◆ TASK BRIEF:
Please print, exactly as written, the line containing "20200709114556(1)" and each line after it through the end of the material; pictures stay out.

◆ AVAILABLE RECORDS:
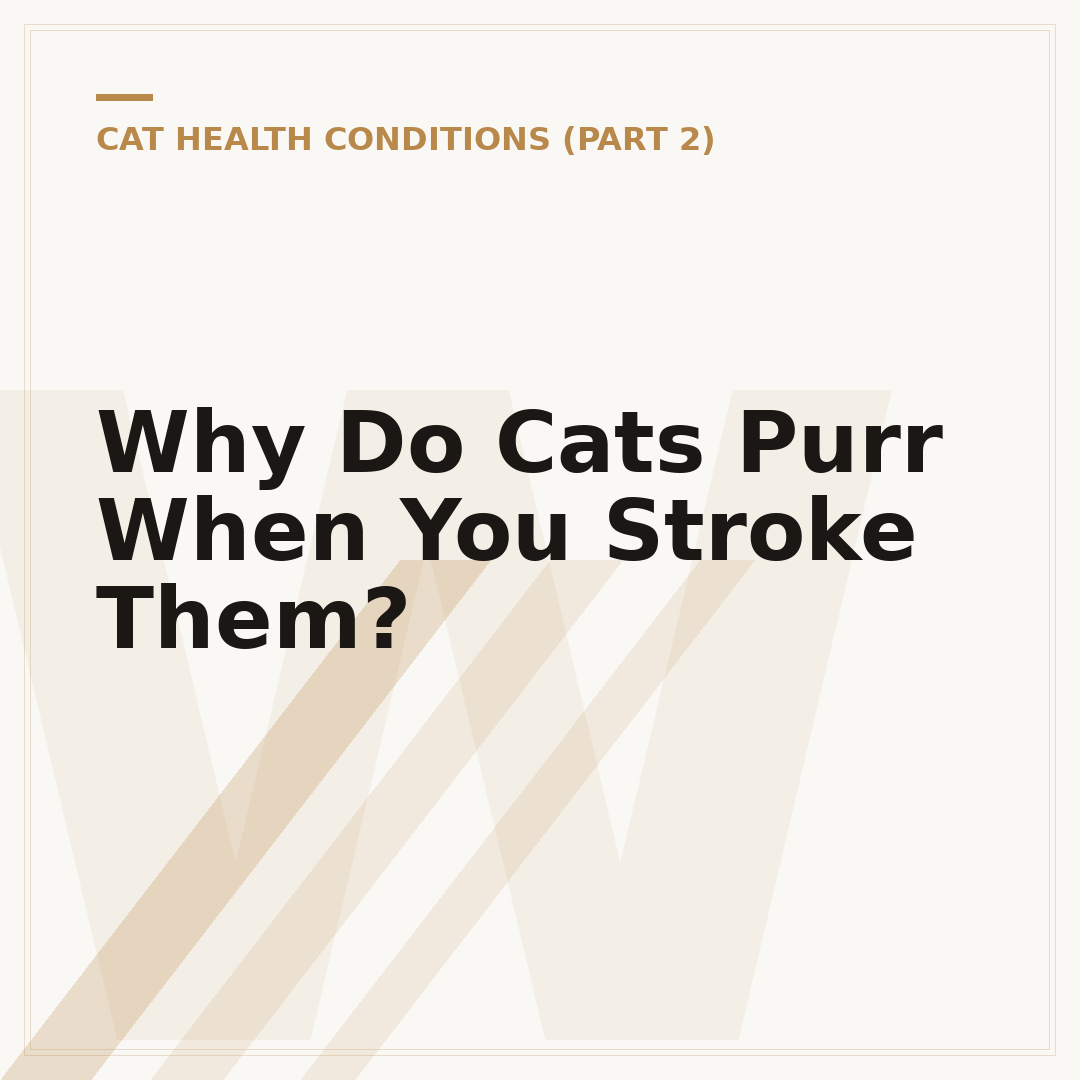Why Do Cats Purr When You Stroke Them?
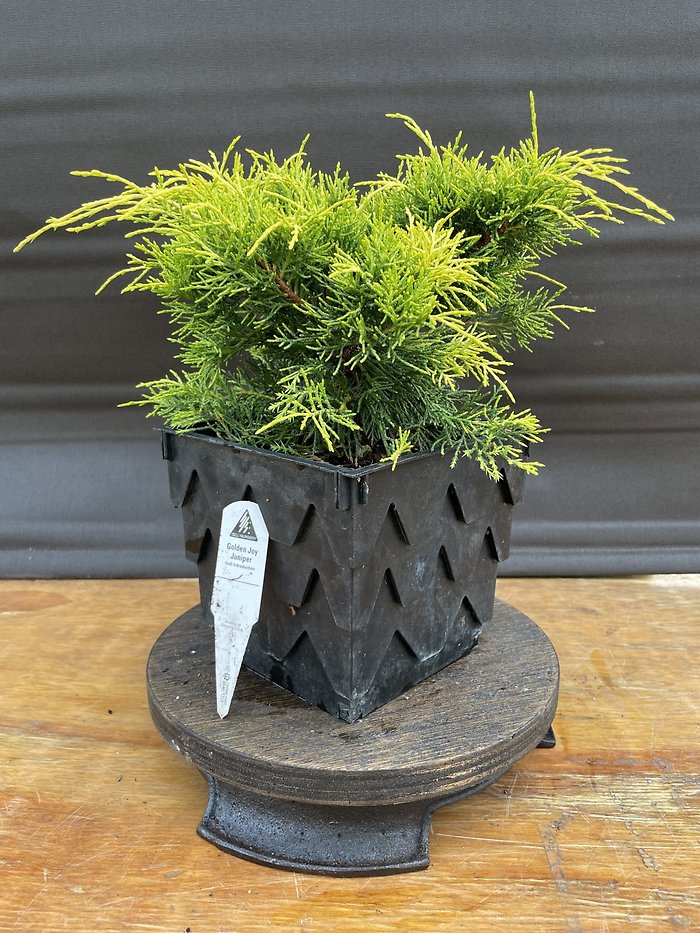Golden Joy Juniper, Juniperus x Pfitzeriana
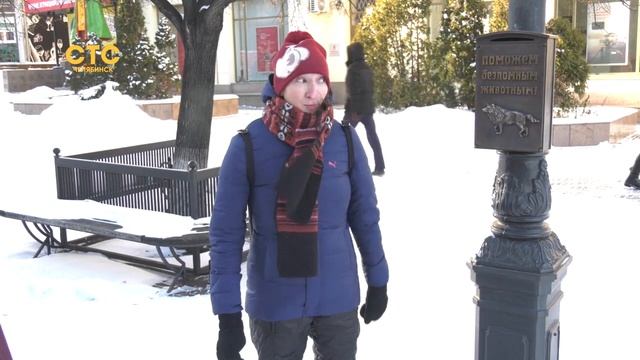 В Челябинске появилась уличная копилка для помощи собакам и кошкам смотреть онлайн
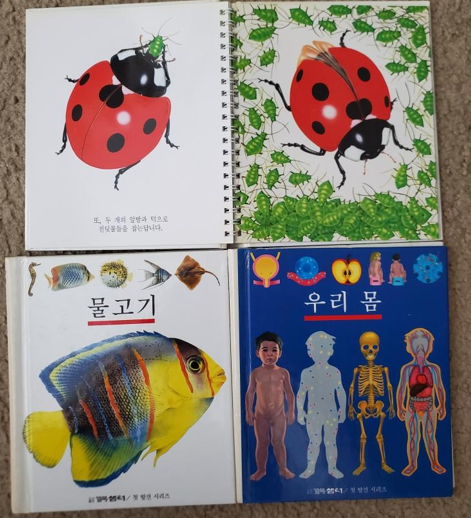 오르다_1.png
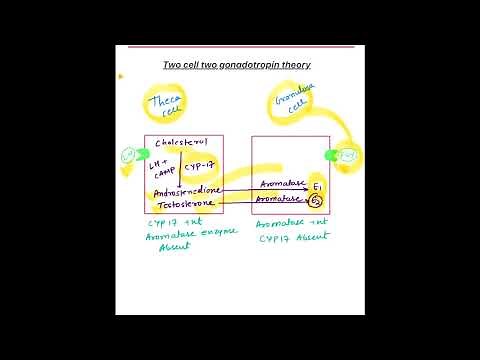 TWO CELL TWO GONADOTROPIN THEORY || MEDEASY|| DR.DK||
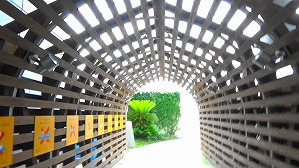 20200709114556(1)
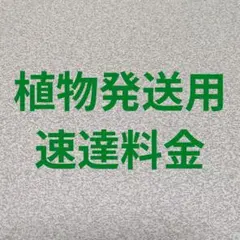 norichan様 リクエスト 3点 まとめ商品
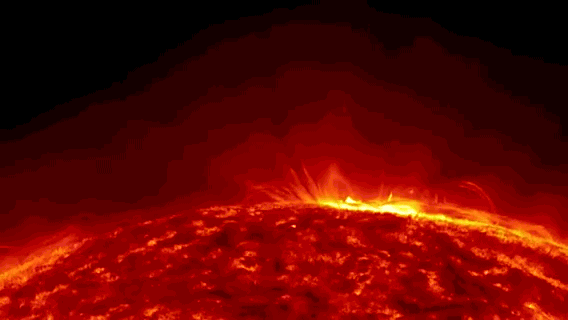 curiosidades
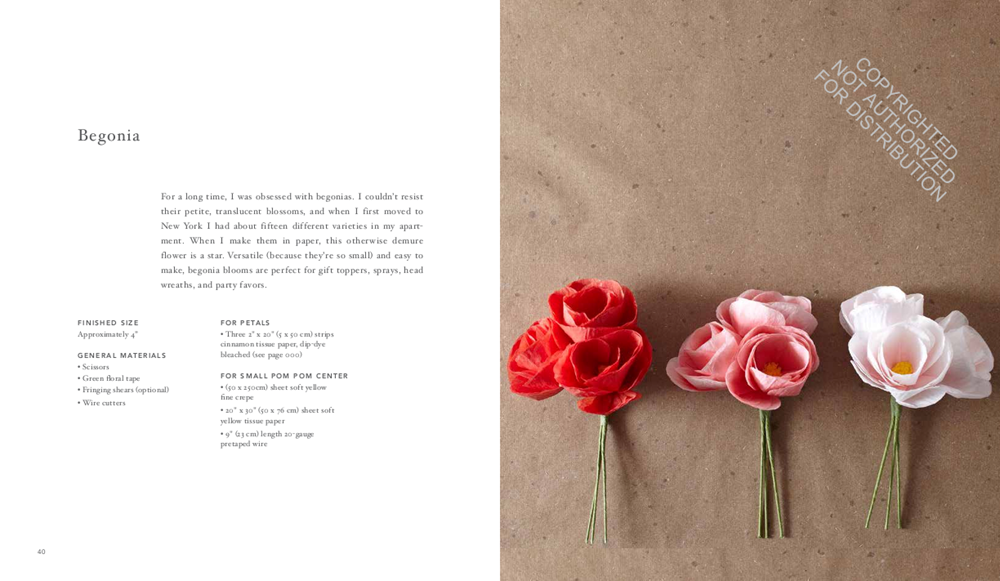 The Exquisite Book of Paper Flowers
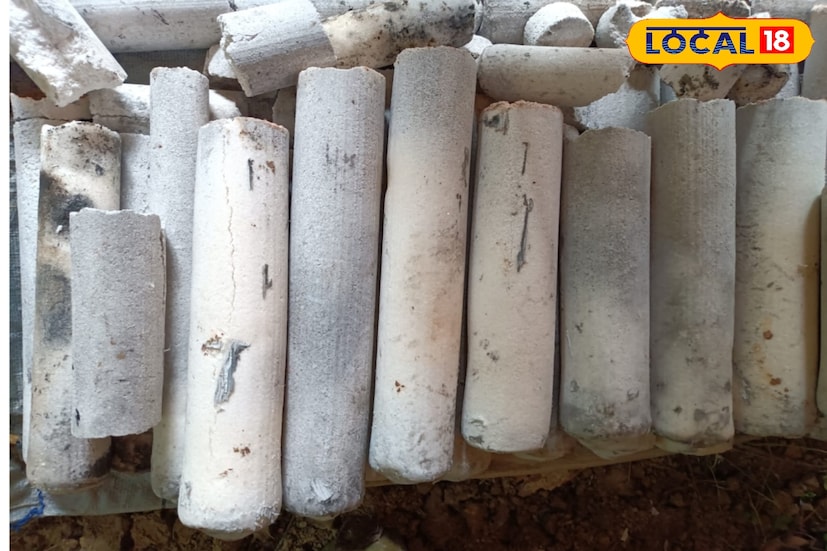 বাম্বু সল্ট তৈরি করে কর্মসংস্থানের দিসা দেখাচ্ছেন জয়নগরের এক যুবক। একদিকে যেমন বাঁশ দিয়ে লবণের স্বাস্থ্যের উপকারিতা ঠিক তেমনি এক নতুন কর্মসংস্থানের নতুন অধ্যায়। মূলত এই দক্ষিণ ২৪ পরগনা এই প্রথমবার নিমপিটে তৈরি হচ্ছে এই বাম্বু সল্ট। (তথ্য ছবি সুমন সাহা) বাম্বু সল্ট তৈরি করে কর্মসংস্থানের দিসা দেখাচ্ছেন জয়নগরের এক যুবক। একদিকে যেমন বাঁশ দিয়ে লবণের স্বাস্থ্যের উপকারিতা ঠিক তেমনি এক নতুন কর্মসংস্থানের নতুন অধ্যায়। মূলত এই দক্ষিণ ২৪ পরগনা এই প্রথমবার নিমপিটে তৈরি হচ্ছে এই বাম্বু সল্ট। (তথ্য ছবি সুমন সাহা)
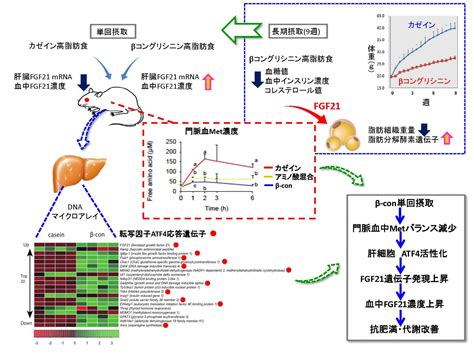 研究結果 東京大学大学院農学生命科学研究科 応用生命化学専攻／応用生命工学専攻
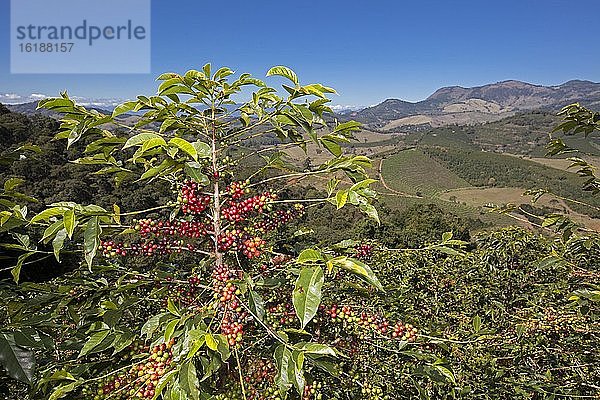 Kaffeepflanze voller Bohnen  Kaffeeplantage bei Carmo de Minas  Minas Gerais  Brasilien  Südamerika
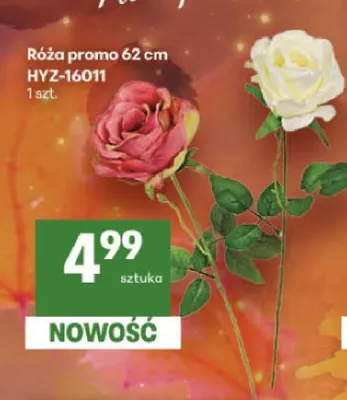 Róża promo 62 cm promocja w Delikatesy Centrum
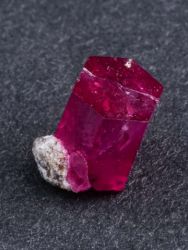 Bixbit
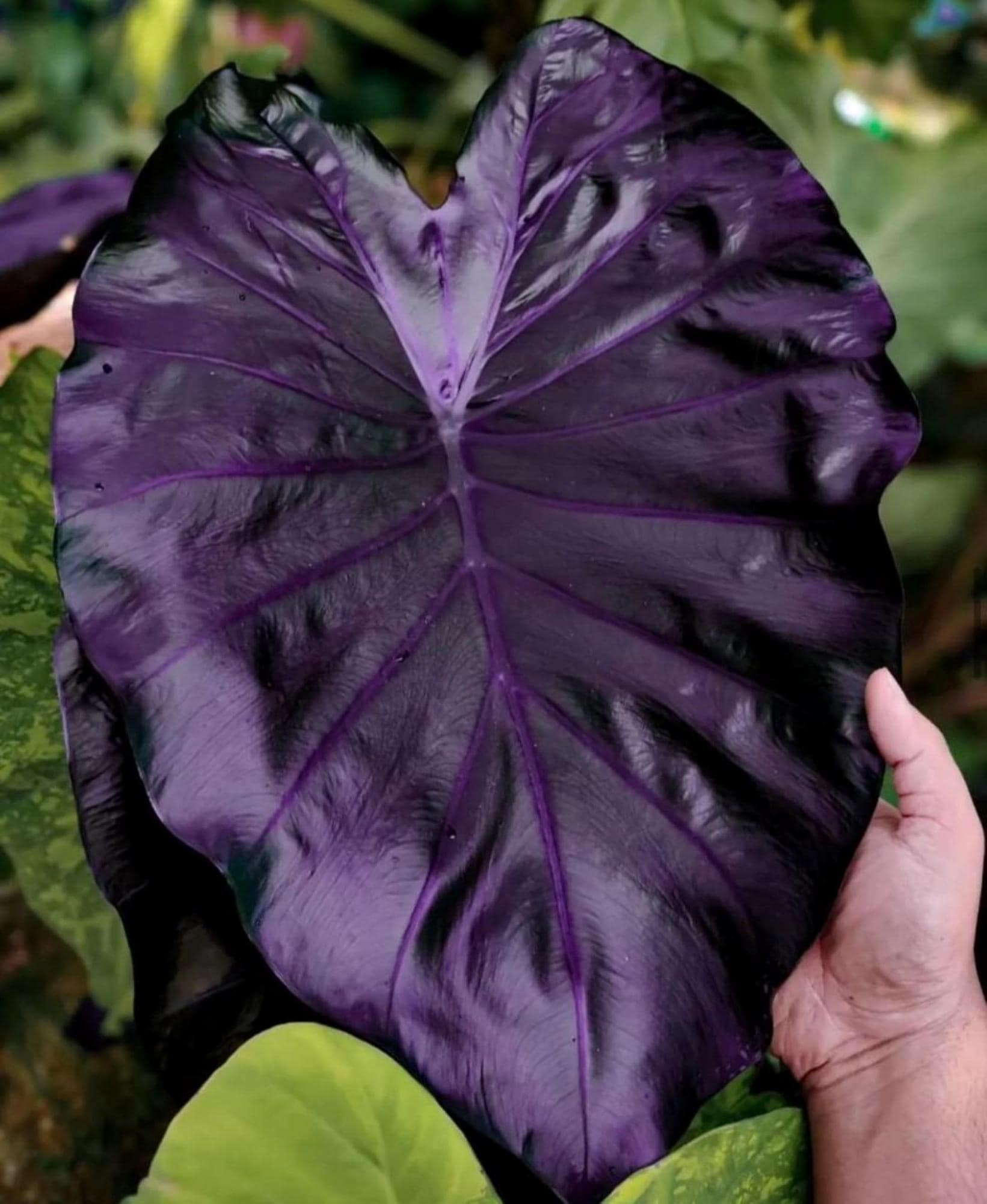 Alocasia cuprea pink - Etsy 日本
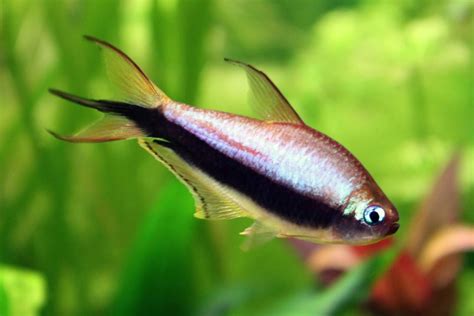 Large Emperor Tetra | Discus.com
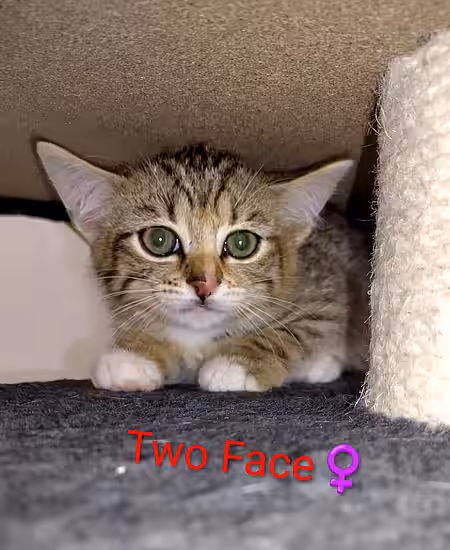 Kitten Two Face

◆ COMPLETED TASK:
 20200709114556(1)
 norichan様 リクエスト 3点 まとめ商品
 curiosidades
 The Exquisite Book of Paper Flowers
 বাম্বু সল্ট তৈরি করে কর্মসংস্থানের দিসা দেখাচ্ছেন জয়নগরের এক যুবক। একদিকে যেমন বাঁশ দিয়ে লবণের স্বাস্থ্যের উপকারিতা ঠিক তেমনি এক নতুন কর্মসংস্থানের নতুন অধ্যায়। মূলত এই দক্ষিণ ২৪ পরগনা এই প্রথমবার নিমপিটে তৈরি হচ্ছে এই বাম্বু সল্ট। (তথ্য ছবি সুমন সাহা) বাম্বু সল্ট তৈরি করে কর্মসংস্থানের দিসা দেখাচ্ছেন জয়নগরের এক যুবক। একদিকে যেমন বাঁশ দিয়ে লবণের স্বাস্থ্যের উপকারিতা ঠিক তেমনি এক নতুন কর্মসংস্থানের নতুন অধ্যায়। মূলত এই দক্ষিণ ২৪ পরগনা এই প্রথমবার নিমপিটে তৈরি হচ্ছে এই বাম্বু সল্ট। (তথ্য ছবি সুমন সাহা)
 研究結果 東京大学大学院農学生命科学研究科 応用生命化学専攻／応用生命工学専攻
 Kaffeepflanze voller Bohnen  Kaffeeplantage bei Carmo de Minas  Minas Gerais  Brasilien  Südamerika
 Róża promo 62 cm promocja w Delikatesy Centrum
 Bixbit
 Alocasia cuprea pink - Etsy 日本
 Large Emperor Tetra | Discus.com
 Kitten Two Face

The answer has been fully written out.